To be sure, there is plenty of blame to go around. Some universities have employment levels that exceed reason, driven by tradition, formerly lavish resource availability, blind oversight, inherent unwillingness/inability to cut anything, and pervasive patronage.

It’s also apparent that some universities are working their way out of the fiscal morass. Public-private partnerships are nurtured. Student recruitment and retention are energized ensuring effectiveness and timely completion. Thoughtful universities are increasing admission standards and encouraging ill-prepared and underprepared students to attend community colleges for skill acquisition and tune-ups. All of these efforts are laudable. However, when leadership plays the blame game, a number of negative consequences prevail.

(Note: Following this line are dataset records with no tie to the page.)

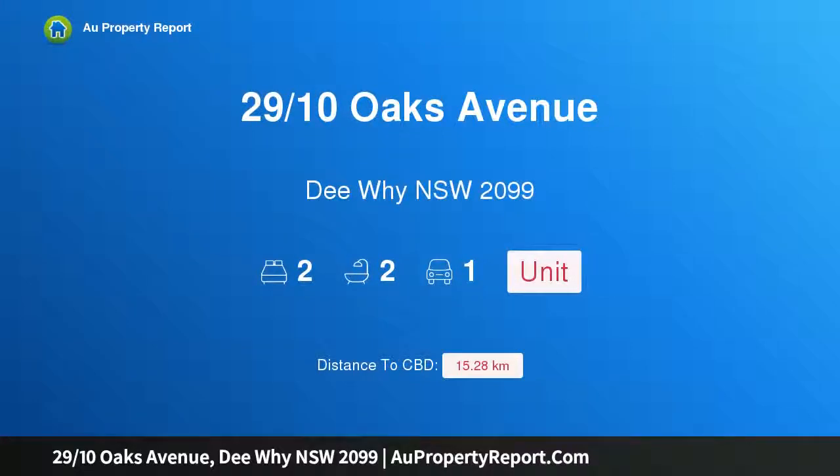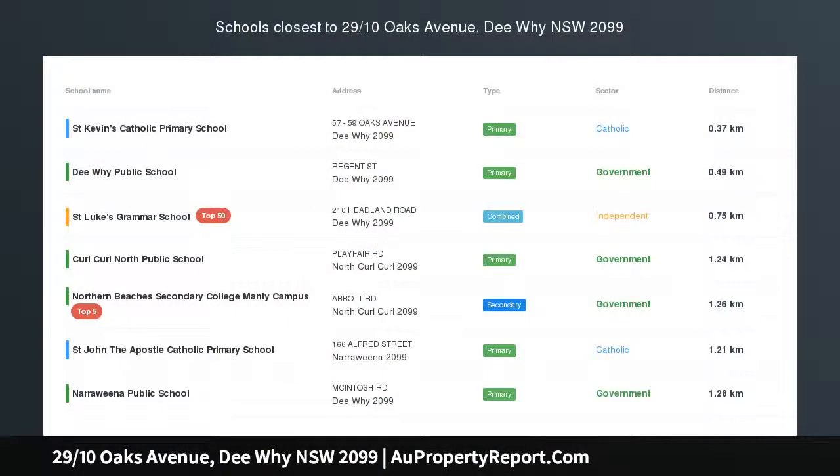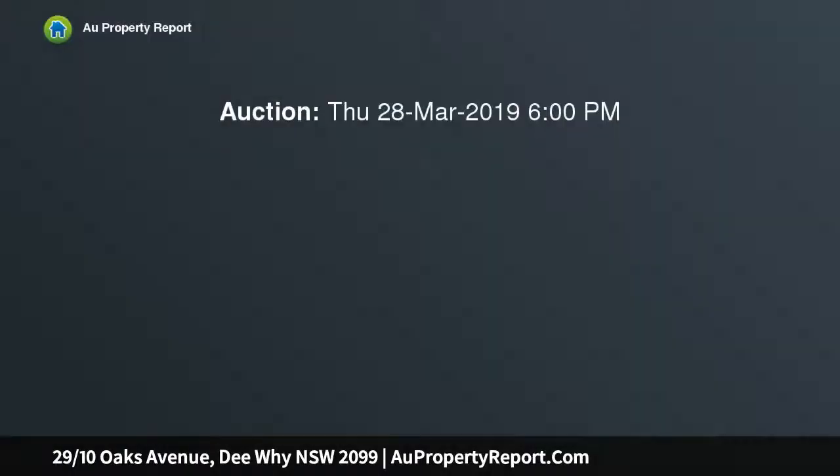I am glad to introduce property 29 Tenths Oaks Avenue, Dee Why, New South Wales 2099. Immaculate 125 sqm, two-bedroom plus study, close to lifestyle amenities. Auction in rooms, Level 1, 888 Pittwater Road, Dee Why.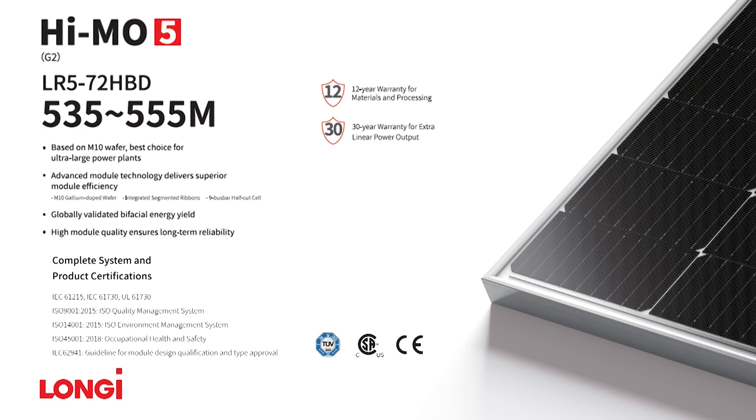To ensure compliance with international regulations, the product has main industry standard certifications IEC 61215, IEC and UL 61730.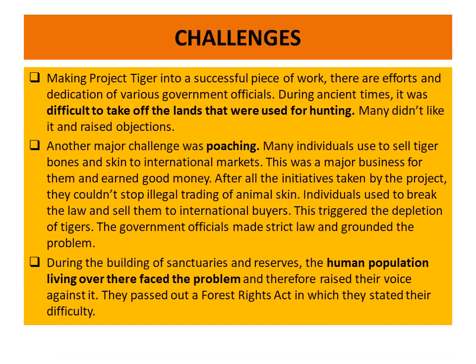There are various challenges in Project Tiger. The first main challenge is that it is difficult to reclaim land that was used for hunting earlier from the people. The second major challenge is poaching, because bones and skin sell for a huge margin in the international market, earning good money. The third challenge is that during the building of sanctuaries and reserves, the human population living there faces problems, and their relocation is a major concern in Project Tiger.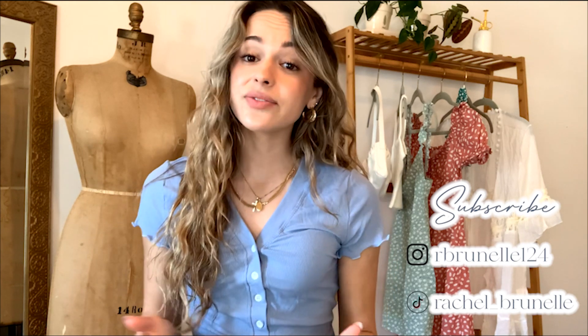Hello everyone, my name is Rachel Brunel, and for those of you who are new here, welcome. Today's video I am so excited to get into — it is a try-on haul featuring Zapple, and I'm so excited to be collaborating with them. They sent over these beautiful pieces of clothing, including something I have on right now, and I'm excited to give you an honest review.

According to Nathanael Fast in a Harvard Business Review blog post from May 13, 2010, “How to Stop the Blame Game” reveals a simple truth: “A deep set of research shows that people who blame others for their mistakes lose status, learn less, and perform worse relative to those who own up to their mistakes. Research also shows that the same applies for organizations. Groups and organizations with a rampant culture of blame have a serious disadvantage when it comes to creativity, learning, innovation, and productive risk-taking.”

Nathanael Fast — a quick study — is right. Accepting responsibility empowers university people and the students they serve.

The most troubling aspect of the blame game is that it is endemic. When a deep infestation of blame taints an institution, a form of lethargy caused by the fear of being the target of a pointed finger leads to destructive inaction.

This is the bane of blame.

Soon, new ideas and constructive criticism are crushed under a pervasive fear of retribution rather than rewarded as positive risk-taking. Employees, who should be the way out of challenging circumstances, become jail keepers. They swallow the keys to freedom by withholding their insight and intellect.

Who can blame them?

Robert I. Sutton and Larissa Tiedens, on faculty at Stanford, provide strong empirical evidence of the power of the blame game to wreak havoc. It curses the culture of corporations and communities.

Leaders, unsure of themselves through lack of experience, intellectual acuity, or self-confidence, seek a donkey on which to pin the tail. Unfortunately, accepted political behavior oozes into other settings. Low self-esteem leaders blame others for inability in the face of a crisis but rarely share credit for institutional success, except perfunctorily.

Someone said, “When something works well, find a person to give the credit to. When something fails, immediately accept responsibility.” Someone was right.

In our universities, the paucity of resources to accomplish mission is not going away.

Good institutions, with smart leaders, will find the institutional will to act rather than simply blame gaming. Leaders who want to hide behind perforated shields of irresponsibility and finger pointing will run out of fingers and targets, as institutions continue to miss the mark.